Just when you thought you knew all about the furthest fringes of American political life, Bill Moyers takes note of a relatively new one: Christian reconstructionists, "who want to invent America all over again," this time according to what they think God wants it to be.
In "On Earth as It Is in Heaven," the conclusion of his superb "God and Politics" trilogy, Moyers talks with leaders of this ultraright faction who would replace democracy with theocracy and think everyone should subscribe to Christianity body and soul. The report airs at 9 tonight on Channel 26 and other PBS stations.
Rousas John Rushdoony, 71, a transplanted Armenian now living and writing in California, tells Moyers that democracy "is failing today" and that "the state is a bankrupt institution." His solution is a new society in which justice is meted out according to a literal reading of the Bible. That means the death penalty, he says, for rape, sodomy, adultery and homosexuality.
"This is what God requires," Rushdoony feels confident in saying. God also requires, apparently, "a hard-money economy" based on the gold standard and a "debt-free economy" as well. In other words, as Moyers elicits from Rushdoony, thou shalt have no 30-year mortgage before thee.
Rushdoony actually sounds the most reasonable of the reconstructionists Moyers encounters. Rushdoony's son-in-law, the prolific Gary North, is too radical even for him."We don't get along," Rushdoony says. North turned down Moyers' request for an interview.
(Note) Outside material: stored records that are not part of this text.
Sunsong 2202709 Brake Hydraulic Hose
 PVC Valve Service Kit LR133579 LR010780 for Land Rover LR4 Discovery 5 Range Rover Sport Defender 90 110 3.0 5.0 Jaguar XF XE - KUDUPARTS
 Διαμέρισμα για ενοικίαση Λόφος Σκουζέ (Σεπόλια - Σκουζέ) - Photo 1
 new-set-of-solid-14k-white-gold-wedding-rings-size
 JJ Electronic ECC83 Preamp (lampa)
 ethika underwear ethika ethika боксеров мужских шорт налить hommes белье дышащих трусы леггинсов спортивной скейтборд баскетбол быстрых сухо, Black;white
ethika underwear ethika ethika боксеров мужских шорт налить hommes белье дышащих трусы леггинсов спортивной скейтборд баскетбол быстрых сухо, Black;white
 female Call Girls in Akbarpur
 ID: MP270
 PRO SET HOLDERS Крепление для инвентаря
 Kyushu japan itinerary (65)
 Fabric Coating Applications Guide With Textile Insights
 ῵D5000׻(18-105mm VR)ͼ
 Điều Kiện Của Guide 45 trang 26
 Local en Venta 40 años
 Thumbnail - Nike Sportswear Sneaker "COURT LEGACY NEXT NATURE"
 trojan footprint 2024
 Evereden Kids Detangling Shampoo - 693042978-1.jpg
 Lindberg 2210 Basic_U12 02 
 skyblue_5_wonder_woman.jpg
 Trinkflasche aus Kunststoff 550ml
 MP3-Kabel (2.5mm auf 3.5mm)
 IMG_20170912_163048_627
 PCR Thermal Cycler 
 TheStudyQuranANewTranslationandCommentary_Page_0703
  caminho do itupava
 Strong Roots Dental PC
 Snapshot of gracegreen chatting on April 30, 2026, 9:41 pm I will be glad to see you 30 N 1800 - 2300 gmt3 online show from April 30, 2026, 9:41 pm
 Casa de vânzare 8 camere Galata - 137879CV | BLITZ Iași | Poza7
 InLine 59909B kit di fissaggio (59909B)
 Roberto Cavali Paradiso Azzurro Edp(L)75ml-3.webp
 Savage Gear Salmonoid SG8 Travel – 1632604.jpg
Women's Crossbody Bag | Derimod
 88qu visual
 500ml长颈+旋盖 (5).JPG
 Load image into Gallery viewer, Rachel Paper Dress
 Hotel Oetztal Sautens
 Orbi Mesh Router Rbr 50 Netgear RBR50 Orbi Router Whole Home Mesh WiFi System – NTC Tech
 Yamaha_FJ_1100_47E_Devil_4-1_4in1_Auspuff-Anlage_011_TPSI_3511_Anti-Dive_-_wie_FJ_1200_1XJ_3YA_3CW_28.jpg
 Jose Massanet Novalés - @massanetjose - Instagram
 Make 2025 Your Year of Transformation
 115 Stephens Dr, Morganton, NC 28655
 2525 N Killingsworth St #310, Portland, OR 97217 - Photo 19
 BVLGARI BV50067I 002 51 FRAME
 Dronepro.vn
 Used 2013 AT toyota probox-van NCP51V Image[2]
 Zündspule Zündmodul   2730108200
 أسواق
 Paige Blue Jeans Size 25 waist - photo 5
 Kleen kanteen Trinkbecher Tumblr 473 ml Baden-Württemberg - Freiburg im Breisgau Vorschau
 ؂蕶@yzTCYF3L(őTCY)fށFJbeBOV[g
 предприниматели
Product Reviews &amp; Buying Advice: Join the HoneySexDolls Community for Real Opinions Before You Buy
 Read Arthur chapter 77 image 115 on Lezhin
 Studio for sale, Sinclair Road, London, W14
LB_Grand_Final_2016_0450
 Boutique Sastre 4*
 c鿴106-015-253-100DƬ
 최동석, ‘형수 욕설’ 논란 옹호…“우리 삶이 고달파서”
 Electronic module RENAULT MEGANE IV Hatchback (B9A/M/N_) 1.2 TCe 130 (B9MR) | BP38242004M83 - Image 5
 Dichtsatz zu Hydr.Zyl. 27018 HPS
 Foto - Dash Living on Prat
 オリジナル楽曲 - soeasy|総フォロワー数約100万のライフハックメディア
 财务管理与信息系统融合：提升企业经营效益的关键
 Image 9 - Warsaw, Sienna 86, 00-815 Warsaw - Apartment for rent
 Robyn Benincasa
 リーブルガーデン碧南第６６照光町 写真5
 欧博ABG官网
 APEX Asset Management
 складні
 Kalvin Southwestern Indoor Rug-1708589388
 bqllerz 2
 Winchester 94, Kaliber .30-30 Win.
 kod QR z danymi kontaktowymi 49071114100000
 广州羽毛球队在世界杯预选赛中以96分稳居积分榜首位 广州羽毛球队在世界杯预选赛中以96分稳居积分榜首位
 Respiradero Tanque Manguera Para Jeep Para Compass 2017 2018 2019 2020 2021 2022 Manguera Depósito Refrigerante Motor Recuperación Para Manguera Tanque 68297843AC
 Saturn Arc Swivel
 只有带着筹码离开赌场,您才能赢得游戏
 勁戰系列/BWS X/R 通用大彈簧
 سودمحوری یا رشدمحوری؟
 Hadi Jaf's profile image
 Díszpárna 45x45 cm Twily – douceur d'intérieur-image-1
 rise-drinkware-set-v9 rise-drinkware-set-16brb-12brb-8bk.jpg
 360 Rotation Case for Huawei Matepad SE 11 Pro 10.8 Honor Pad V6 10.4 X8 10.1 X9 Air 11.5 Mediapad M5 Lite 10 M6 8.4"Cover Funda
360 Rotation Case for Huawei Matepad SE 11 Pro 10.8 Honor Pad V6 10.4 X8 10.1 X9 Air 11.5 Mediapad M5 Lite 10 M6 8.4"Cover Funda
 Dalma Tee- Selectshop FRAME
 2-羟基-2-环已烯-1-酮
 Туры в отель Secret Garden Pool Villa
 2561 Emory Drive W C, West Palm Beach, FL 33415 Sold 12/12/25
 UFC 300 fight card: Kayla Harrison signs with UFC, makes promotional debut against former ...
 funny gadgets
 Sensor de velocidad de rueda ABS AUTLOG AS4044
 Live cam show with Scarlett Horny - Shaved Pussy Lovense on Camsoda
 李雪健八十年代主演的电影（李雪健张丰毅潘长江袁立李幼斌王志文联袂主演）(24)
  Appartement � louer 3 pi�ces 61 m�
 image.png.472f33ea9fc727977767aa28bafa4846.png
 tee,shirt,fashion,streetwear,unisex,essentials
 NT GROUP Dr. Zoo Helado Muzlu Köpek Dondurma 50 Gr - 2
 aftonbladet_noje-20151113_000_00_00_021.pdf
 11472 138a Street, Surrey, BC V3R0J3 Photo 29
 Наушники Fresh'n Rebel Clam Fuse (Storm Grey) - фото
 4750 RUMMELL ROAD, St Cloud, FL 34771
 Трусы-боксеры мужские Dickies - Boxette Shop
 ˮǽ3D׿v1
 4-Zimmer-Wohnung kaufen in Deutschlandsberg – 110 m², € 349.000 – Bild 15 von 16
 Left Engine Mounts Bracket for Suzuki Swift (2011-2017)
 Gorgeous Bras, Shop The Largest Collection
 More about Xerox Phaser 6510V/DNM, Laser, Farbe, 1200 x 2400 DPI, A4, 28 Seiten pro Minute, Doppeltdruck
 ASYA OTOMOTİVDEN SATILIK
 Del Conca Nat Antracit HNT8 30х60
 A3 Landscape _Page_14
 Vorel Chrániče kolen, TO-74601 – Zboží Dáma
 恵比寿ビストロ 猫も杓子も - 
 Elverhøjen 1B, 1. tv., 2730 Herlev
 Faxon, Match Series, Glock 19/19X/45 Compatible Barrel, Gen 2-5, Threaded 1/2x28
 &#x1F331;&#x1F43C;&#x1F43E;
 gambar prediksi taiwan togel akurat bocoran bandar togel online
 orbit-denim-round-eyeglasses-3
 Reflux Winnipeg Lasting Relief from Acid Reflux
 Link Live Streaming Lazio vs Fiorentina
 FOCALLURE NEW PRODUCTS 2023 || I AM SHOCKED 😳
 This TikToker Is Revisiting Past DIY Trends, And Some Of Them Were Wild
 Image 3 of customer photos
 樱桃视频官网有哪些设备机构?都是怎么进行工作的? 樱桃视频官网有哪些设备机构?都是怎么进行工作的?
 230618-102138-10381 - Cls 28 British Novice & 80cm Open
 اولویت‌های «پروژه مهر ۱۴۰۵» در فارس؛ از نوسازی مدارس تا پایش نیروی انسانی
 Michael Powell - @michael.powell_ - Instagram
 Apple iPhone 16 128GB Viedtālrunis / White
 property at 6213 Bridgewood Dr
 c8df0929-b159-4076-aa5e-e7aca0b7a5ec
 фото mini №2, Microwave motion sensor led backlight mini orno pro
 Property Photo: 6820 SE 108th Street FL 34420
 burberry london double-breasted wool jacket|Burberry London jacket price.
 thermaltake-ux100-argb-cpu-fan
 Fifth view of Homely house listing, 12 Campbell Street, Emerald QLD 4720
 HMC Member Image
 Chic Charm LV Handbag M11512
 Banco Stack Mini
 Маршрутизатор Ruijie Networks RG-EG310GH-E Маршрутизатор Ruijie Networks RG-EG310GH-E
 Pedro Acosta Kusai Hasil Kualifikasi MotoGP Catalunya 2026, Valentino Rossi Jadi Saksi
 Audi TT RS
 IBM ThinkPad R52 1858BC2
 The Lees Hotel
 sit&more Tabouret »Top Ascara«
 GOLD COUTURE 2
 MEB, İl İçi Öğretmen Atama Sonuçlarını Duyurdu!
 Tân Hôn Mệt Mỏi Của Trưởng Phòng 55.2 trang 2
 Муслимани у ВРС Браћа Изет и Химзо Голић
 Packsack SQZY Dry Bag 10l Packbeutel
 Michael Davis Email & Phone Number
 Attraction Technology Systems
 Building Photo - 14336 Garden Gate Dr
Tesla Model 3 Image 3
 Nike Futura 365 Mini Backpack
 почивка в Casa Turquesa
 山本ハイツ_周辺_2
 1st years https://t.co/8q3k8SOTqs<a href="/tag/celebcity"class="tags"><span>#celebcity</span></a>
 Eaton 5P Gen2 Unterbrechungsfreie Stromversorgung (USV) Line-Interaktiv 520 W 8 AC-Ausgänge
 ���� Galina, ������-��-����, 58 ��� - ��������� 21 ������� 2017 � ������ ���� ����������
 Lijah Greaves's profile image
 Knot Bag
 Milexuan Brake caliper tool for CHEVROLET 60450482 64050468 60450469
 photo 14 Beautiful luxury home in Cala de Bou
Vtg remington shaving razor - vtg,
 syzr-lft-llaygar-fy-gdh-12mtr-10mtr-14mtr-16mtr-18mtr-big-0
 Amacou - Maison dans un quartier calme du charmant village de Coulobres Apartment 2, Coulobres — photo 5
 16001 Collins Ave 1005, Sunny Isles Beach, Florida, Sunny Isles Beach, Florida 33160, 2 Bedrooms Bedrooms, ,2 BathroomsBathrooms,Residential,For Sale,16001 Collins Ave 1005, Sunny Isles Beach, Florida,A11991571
The alternatives, one preacher insists, are "a humanistic state or a God-centered government," and another declares, "The choice is Christian morality or no morality." The reconstructionists appear to see capitalism as divinely inspired. A former Jewish Marxist who now heads a Christian businessmen's group in California says, "We'll win in the marketplace."
One small reconstructionist church visited by the camera has a lot of empty pews; that's reassuring. But an Atlanta "mega-church" that vibrates with charismatic revelry and reconstructionist rhetoric is thriving. Edwin Meese, the (for lack of a better term) attorney general, courted members of the movement by speaking at an evangelical Christian conference in September.
And, almost as ominously -- in some strange way -- Moyers reports that Mr. T, the bejeweled and bechained TV star, is among the true believers.
Talk of today's Christian-educated children being "the army that's going to take the future" is unnerving as well. One could laugh off the reconstructionists as ridiculists, but today's radical freak is tomorrow's Time cover. Moyers establishes beyond a doubt that the reconstructionists bear watching.
Producers Greg Pratt and Jan Falstad did a rather feeble job of adding visuals to the report; there are innumerable cliche'd views of Washington monuments and public buildings. Maybe if there were a church or religious symbol in the same shot these would make some sort of comment or contribution. As it is, they are just ornamental. Some of the computer graphic effects are jarring.
Moyers continues to scrutinize the toughest subjects with exemplary perseverance. True, he does feel the urge to sermonize at the end, but we've grown to expect that of Parson Bill. Mostly he lets the interview subjects tell their own story -- one that adds a little extra chill to the dry December air.